▶ _WHAT IS NEEDED_: Copy out the entire listing precisely.

▶ _DATASET CONTENT_:
———
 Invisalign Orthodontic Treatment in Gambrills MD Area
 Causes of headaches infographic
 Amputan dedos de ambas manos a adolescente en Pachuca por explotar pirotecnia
———
▶ _RESPONSE BOX_:
 Invisalign Orthodontic Treatment in Gambrills MD Area
 Causes of headaches infographic
 Amputan dedos de ambas manos a adolescente en Pachuca por explotar pirotecnia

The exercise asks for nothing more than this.